Stewart Regan, chief executive of the SFA, described the range of measures announced as “radical experimentation.” He has previously indicated the video trials could be used in the Scottish Cup.
The Football Association’s chief executive, Martin Glenn, has also hinted the FA would be willing to trial it in the flagship FA Cup competition.
IFAB stress that a final decision on approving the technology for use throughout football will only be made following a thorough period of testing and an agreement on the protocols for its use.
Infantino added: “We cannot close our eyes to the future but it doesn’t mean to say it will work. The flow of the game is crucial. We cannot put that in danger. That is why we have to be open to test.”
The experiments with the technology will take place for a minimum of two years in order to identify what the IFAB called its “advantages, disadvantages and worst-case scenarios.”
One such pilot will see a video assistant referee involved in the officiating of games. They will be able to review an incident on the referee’s request as well as flag up incidents the referee may have missed.
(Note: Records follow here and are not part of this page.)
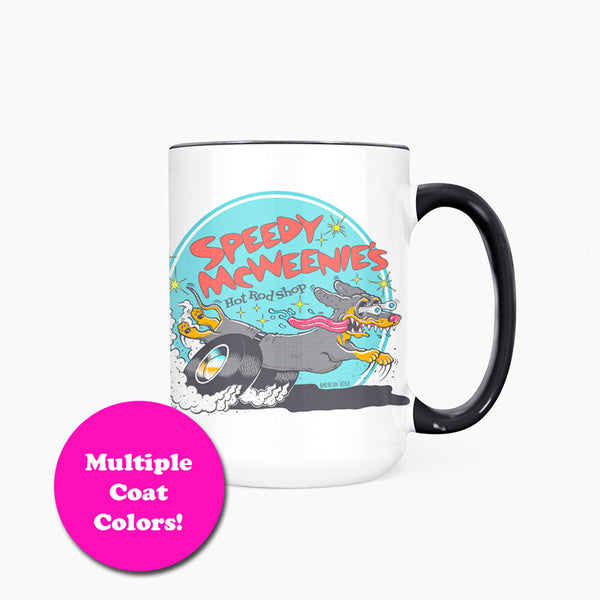 "NEW" Speedy McWeenie's Hot Rod Shop Jumbo Mug (Short Haired/Long Haired - Various Coats)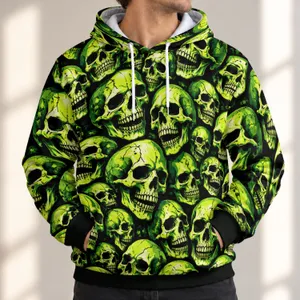 Neon Green Skull Motif for Bold Streetwear Looks and Alternative Casual Style All-over Print Hoodie (Lightweight)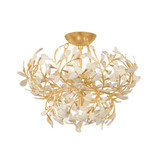 Hudson Valley - 4454-VGL - Four Light Semi Flush Mount - Maybrook - Vintage Gold Leaf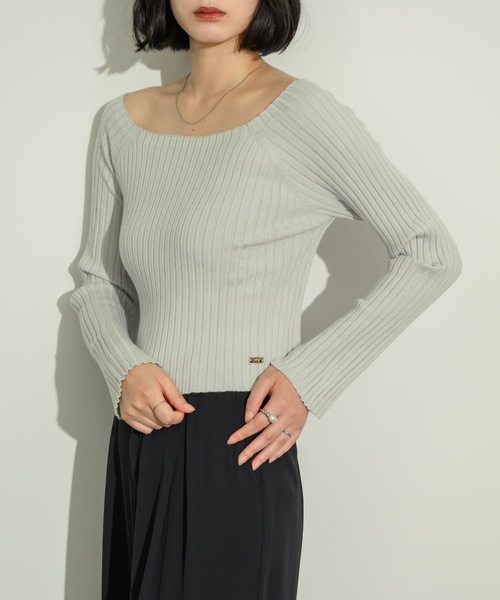 オープンボートネックリブニット(ニット/セーター)|NEUNA(ヌナ) オープンボートネックリブニット(ニット/セーター)|NEUNA(ヌナ)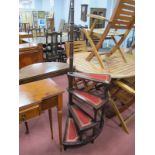 XX Century Library Steps, with turned mahogany pole, the four steps with red leather insets.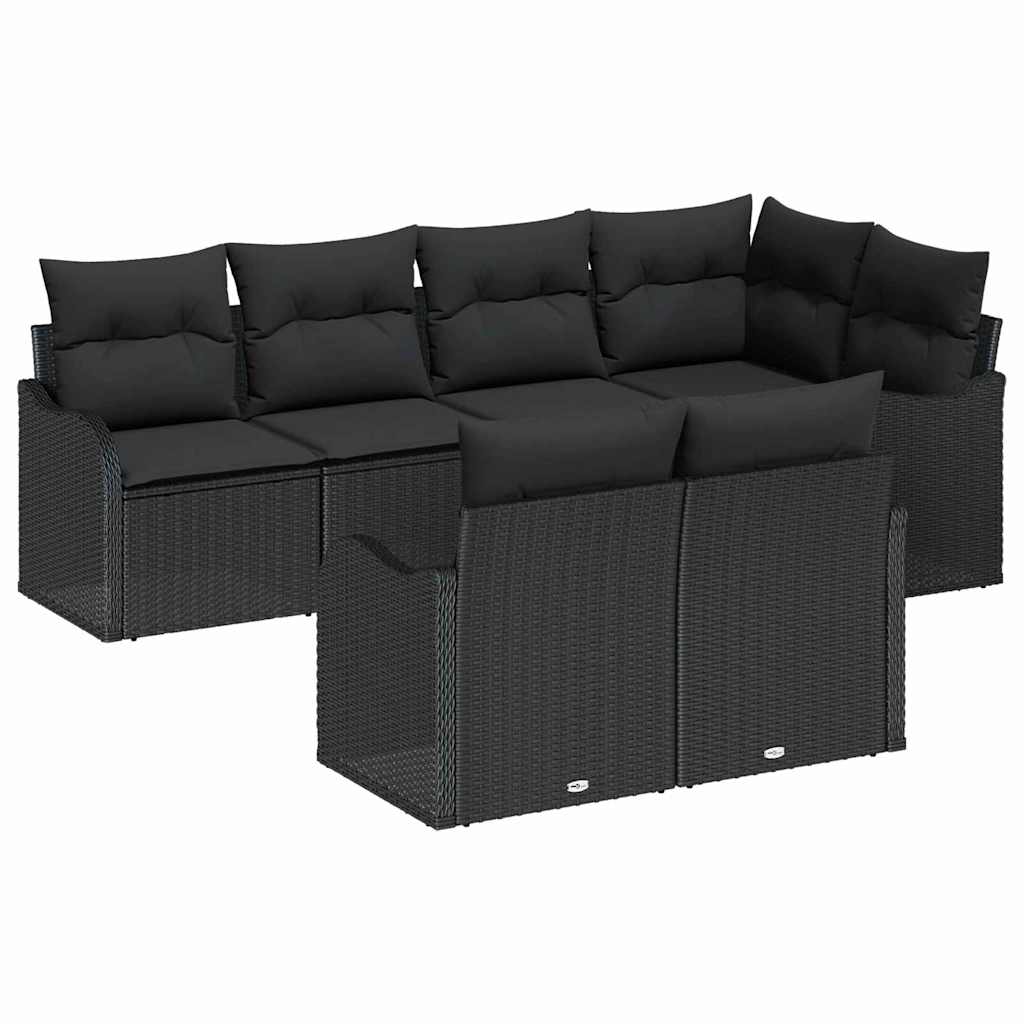 Sjedeća garnitura za vrt 7 kom. Crna Poli ratan 232.5 x 122.5 x 85 cm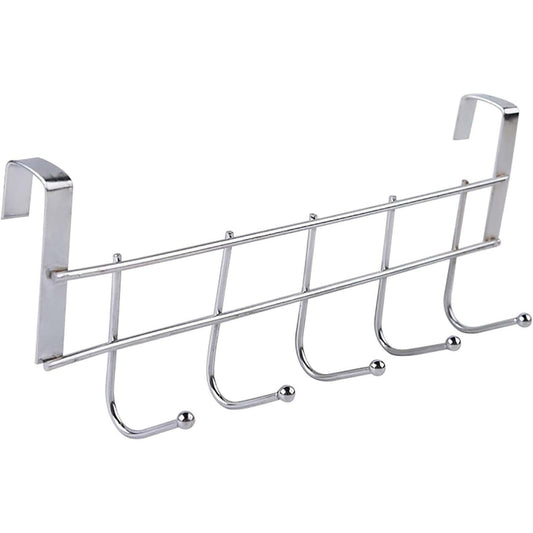 Over-the-door towel rack with 5 metal hooks, silver finish, end brackets for mounting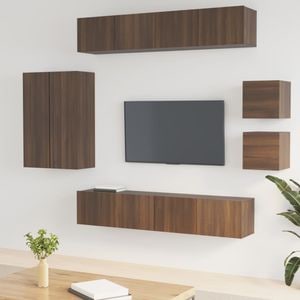 Set Comoda TV vidaXL, 8 piese, lemn prelucrat, stejar maro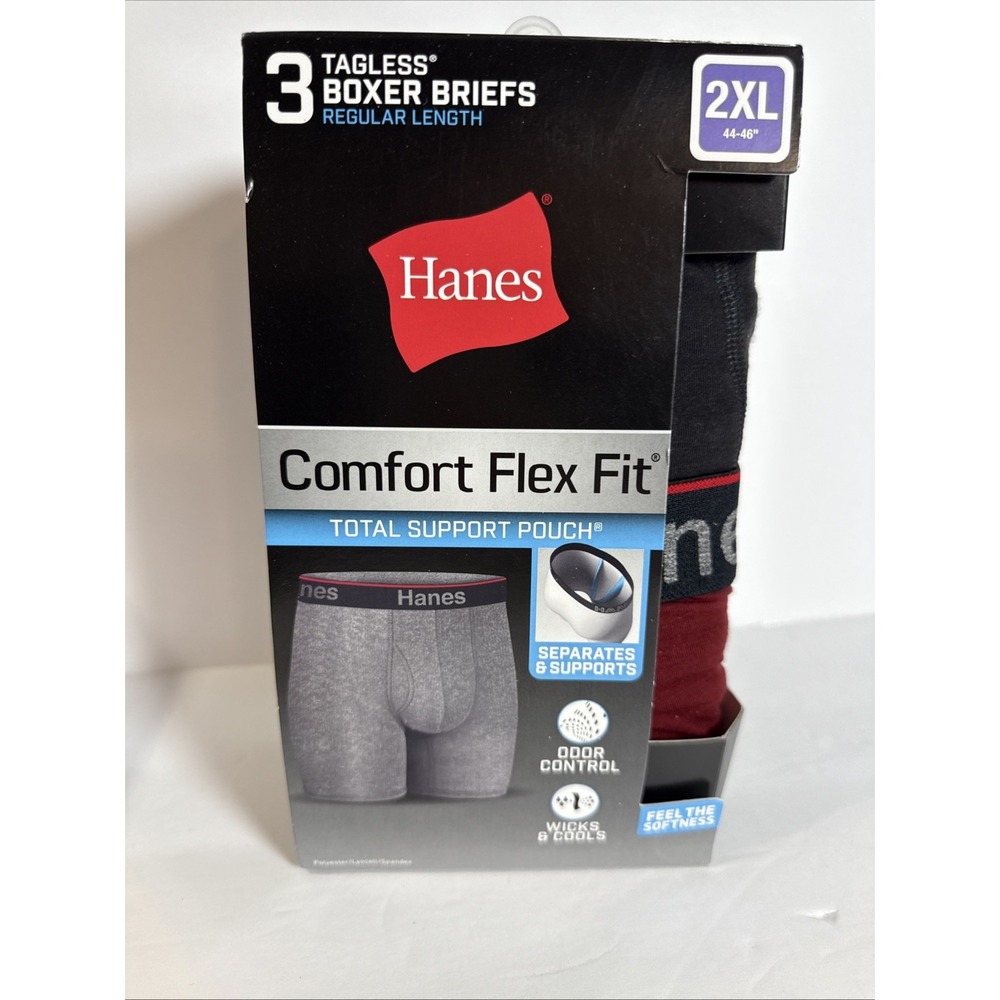 HANES (3 PACK!) Men's Comfort Flex Fit Boxer Briefs Sz 2XL 44-46Black/Blue/Red C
The idea has been backed by senior figures in the British game. Claudio Ranieri, manager of Premier League leaders Leicester, believes the changes should be embraced, stating: “I think the technology helps everybody – players, managers, referees.
“Also when people are watching the matches and the ex-players explain the movements, it makes it more interesting. It is much better.”
It comes four years after the IFAB approved the introduction of technology to determine whether the ball crossed the line.
The IFAB meeting also agreed changes to the laws of the game which will mean that referees can now send off players for pre-match fights, while players will be able to receive treatment on the field for injuries.
The IFAB is also to “allow experimentation with a fourth substitution in extra time,” although it has yet to decide where the trials will take place.